Sunday, September 20, 2009

In the eyes of the Beholder


A few years ago I went to the Andy Warhol museum in Pittsburgh. I figured since I’d lived in Pittsburgh my entire life and had never been there, it should happen. I walked around and didn’t get his art work – at all. This summer I went to the National Art Museum in Washington, DC. Again, I saw lots of art that I just didn’t understand. And when we got to the modern section I laughed because some of the pieces seemed absurd to me. Who gets to call strokes of paint an expensive masterpiece? On the other hand, when we got to other sections of the museum and saw works by other artists, I did enjoy it. And a few weeks ago I was in a student’s house and saw some of her paintings (that she popped out in one afternoon) and was amazed.
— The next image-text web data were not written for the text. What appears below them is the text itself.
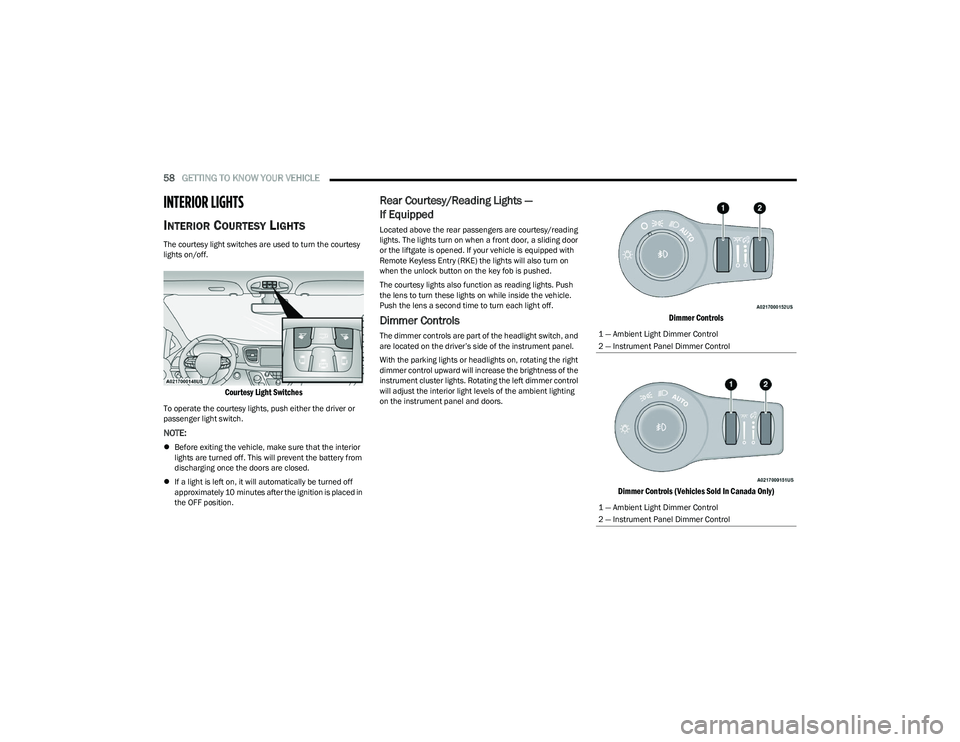 CHRYSLER PACIFICA 2023 Workshop Manual
58GETTING TO KNOW YOUR VEHICLE
INTERIOR LIGHTS
INTERIOR COURTESY LIGHTS
The courtesy light switches are used to turn the courtesy
lights on/off.
Courtesy Light Switches
To operate the courtesy CHRYSLER PACIFICA 2023 Workshop Manual
58GETTING TO KNOW YOUR VEHICLE
INTERIOR LIGHTS
INTERIOR COURTESY LIGHTS
The courtesy light switches are used to turn the courtesy
lights on/off.
Courtesy Light Switches
To operate the courtesy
In church right now, our pastor is doing a series on Ephesians 2:1-10. Verse 10 has always struck me. One version says we are God’s masterpiece. Somedays I don’t feel like a masterpiece. Tonight it hit me again. It doesn’t matter what I think. Just like it’s not up to me to decide the value or worth of a piece of art, it’s not up to me to decide my value. The value comes from the artist, the creator. My take on a piece of art, my opinion does not change the fact that it IS a masterpiece (lucky for Andy Warhol!). My opinion of myself some days does NOT change the fact that my Creator looks at me and is delighted. I’m so glad my thoughts on this matter don’t matter! I can’t change His mind – even if I try hard to do so.

And this brings me to the second part of the verse that somehow I haven’t spent a lot of time thinking about. He has created me as His masterpiece so that I can do good works that he has prepared for me to do. Not good works that will determine my worth (b/c my worth isn’t dependent on my works), but good works that will point people to Him. When I live as if I have no worth, it affects the way I do things. I live in fear and shrink back. I try to earn my worth by the things I do – so my “good works” are about bringing me recognition. However, if I would live as the way God sees me, if I would believe that I am his masterpiece, my actions would be transformed. I would walk in boldness. I would not care about the pat on the back or about what others thought of me. I would do things not so that I would feel better about myself, but because God asks me to. I would not have a bad attitude about doing the “little” things that nobody will ever see. Somedays I feel like He doesn’t have good things for me to do – those are for everybody else. If I believed my truth worth and value, I would see that He does have things just for me to do. I wouldn’t have to compare my good works with others’ because my worth isn’t based on theirs!

I need to chew on this for a while because it will affect the way I do ministry (and the ways I feel I need to impress people by what I do), the way I do life. It will affect the way I love people, the way I see them. It will rock my world of pride.

Tonight I am taken aback by my Beholder. It's time to stop arguing with Him about His creation.